Kendi ömrü hayatında kısmen refah içerisinde yaşamış Pablo Picasso gibi isimler istisnadır. Çoğu sanatçının kaderi ne yazık ki yokluktur. Sanatçı da buna rağmen işine devam eden kişidir zaten. Yani belli bir kayırma, gözetme koşullarında değil, her şeye rağmen işinden vazgeçmeyen kişidir. Sanatın doğası da bunu gerektirir. Mağara insanı sanat yaparken günlük yaşam zorluk katsayısı bugünden çok daha fazlaydı. Demek ki sanatsal üretimin insana özgü, insani bir yanı var ve insan her türlü koşulda sanatı terk etmiyor. Herhangi bir sorunu olmayan bir sanatçının da çok değerli iş üreteceğini zannetmiyorum. Bu zorluğa rağmen üretiyorsa şayet, anlamlı ve özgün işler üretir diye düşünüyorum. Bizim burada erkten beklediğimiz; gölge etme başka ihsan istemez tavrıdır.

Abdülcanbaz

Trabzon, özellikle plastik sanatlar alanında yetişen sanatçılarıyla anılan bir şehir. Kentin, tarihi, kültürü ve yaşam biçimi sanatçı kişiliğinizin oluşmasını etkiledi mi?

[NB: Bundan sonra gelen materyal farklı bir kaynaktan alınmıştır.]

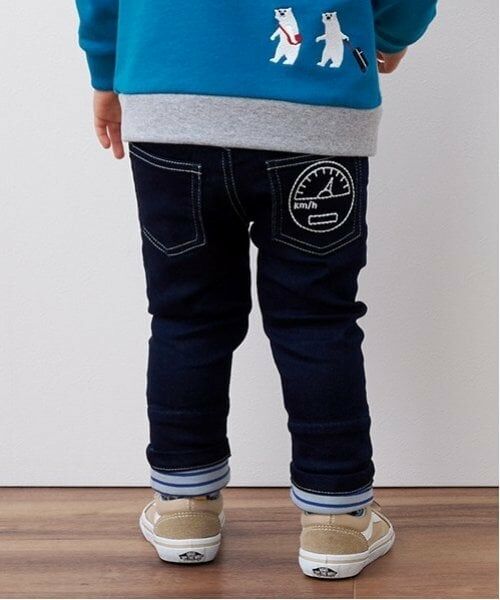 kladskap / クレードスコープ その他パンツ | 電車裾折り返しロング丈ストレートパンツ | 詳細15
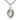 Sterling Silver St. Joseph Patron Saint Medal Necklace 1 1/8 x 5/8 inches with 24 inch chain by Bliss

Bu çevresel etki ve onun içerisinde kentin, bölgenin, coğrafyanın, sosyal ilişkilerin yadsınamayacak etkileri var. Bu etkinin en aza inmesi durumunda bir dünyasal, enternasyonal kültür oluşturması tartışmaları sık sık olur ancak bunlar hamasettir. Şu anda o sürece çok uzağız. Bu süreçte sizin öneminiz hala bir başka coğrafya için kendi çevresel faktörlerinden etkileniyor oluşun ve onu sanatının içine koyma biçimindir. Ona göre değer kazanırsınız çünkü farklı bir dil koyuyorsunuz ortaya ve onun için ilginç ve anlamlı oluyorsunuz. Bu da genel anlamda folklorik etkinin sonucudur. Bu etki farkında olmasanız da mutlaka vardır.

Trabzon’un sanatçıyı formatlayan yanlarından birisi tarihsel arka planı, bir diğeri de coğrafyası ve coğrafyasının emrettiği üretim biçiminin getirdiği insan tipolojisidir. ‘Sanatçı özgün olmak zorunda’ deriz. Bizdeki topografik yapı, dağınık yerleşim ve geçimlik ekonomiyi emrettiği için sanatsal tavır da buna göre şekillenir. Bölgeye özgü bir tavır olmakla birlikte birbirinden ayrıksıdır. Herkes kendi başına bir dükalık oluşturur. Ben buna a-disipliner yaklaşım biçimi diyorum. Yanlış veya doğru o onun tavrıdır, ondan vazgeçmez ve iknaya da öneriye de çok açık değildir. Dolayısıyla sanatçıların tavırları bölgesel etkileri önemli ölçüde taşıyor olmasının yanı sıra bir o kadar da birbirinden bağımsızdır.

Örneğin İç Anadolu’dan 10 sanatçıyı ele alsak, birbirine yakın üretimler ortaya koyacaklardır ve biz onlara kolaylıkla iç bölge sanatçıları diyebiliriz. Fakat Trabzon’dan 10 sanatçı iş ürettiğinde hepsi kendi başına farklı yaklaşımlar ortaya koyacaktır. Bunun tabii pozitif yanları da vardır, negatif yanları da. Belli bir tavır estetik açıdan tartışmalı olabilir ama sanatçısı için tartışmasızdır. Bu bölge sanatçısının a-disipliner yanıdır. Fakat hepsinin ayrı bir söylem ortaya koyması da sanattan ve sanatçıdan beklenen tavırdır. Bu da pozitif yanıdır diyebiliriz.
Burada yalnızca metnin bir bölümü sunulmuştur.